§ WHAT THIS TASK INVOLVES: In the material below, print every line exactly and omit the pictures.

§ INFORMATION SUPPLIED:
________________________

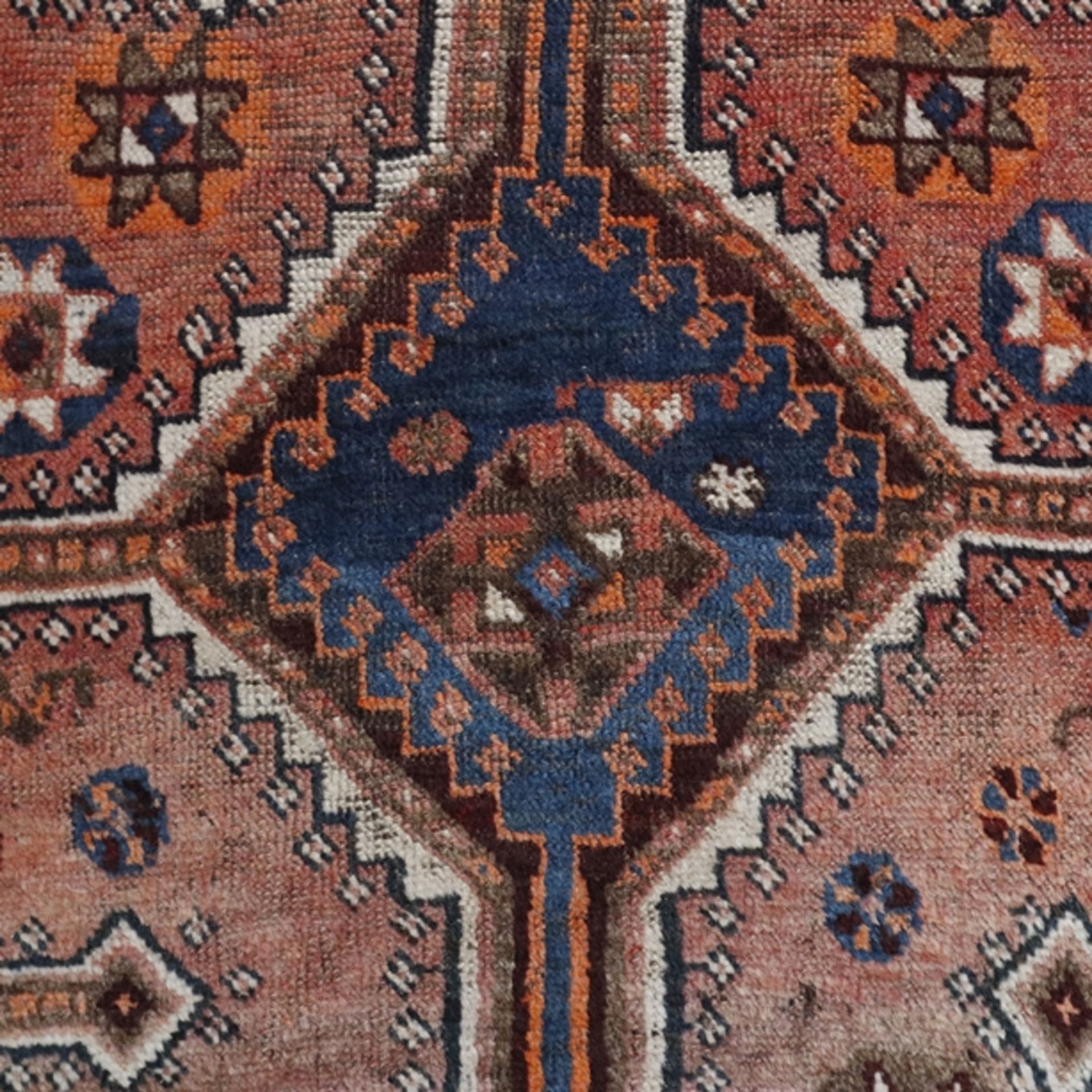 Schiraz - Persien, Wolle, geometrische Ornamente, restauriert, verzogen, begangen, ca. 184 x 102 cm - Bild 5 aus 7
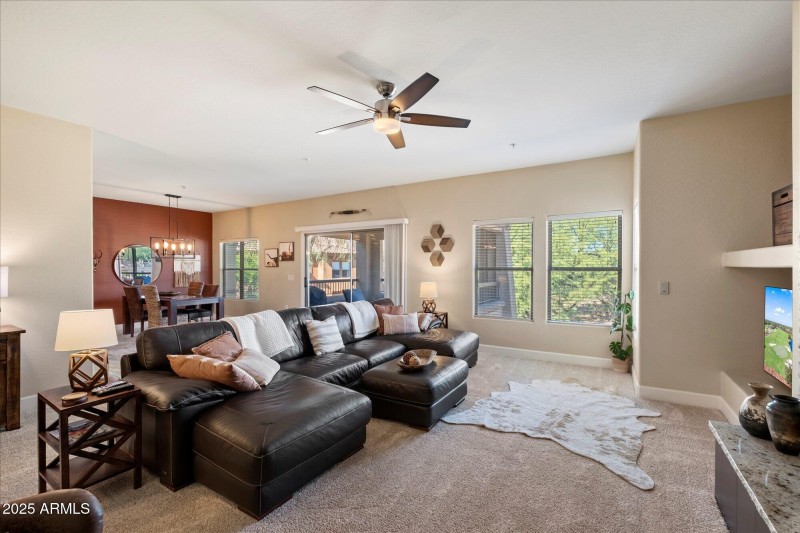 06-Living Room
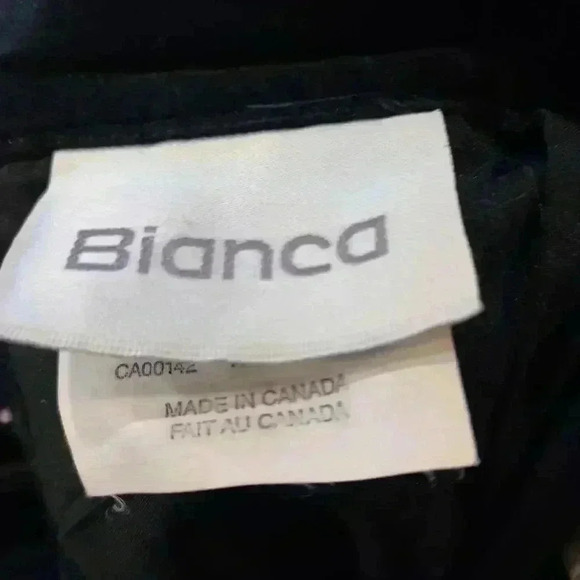 Bianca - Picture 2 of 4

________________________

§ SOLUTION FOR THIS PROBLEM:
 Schiraz - Persien, Wolle, geometrische Ornamente, restauriert, verzogen, begangen, ca. 184 x 102 cm - Bild 5 aus 7
 06-Living Room
 Bianca - Picture 2 of 4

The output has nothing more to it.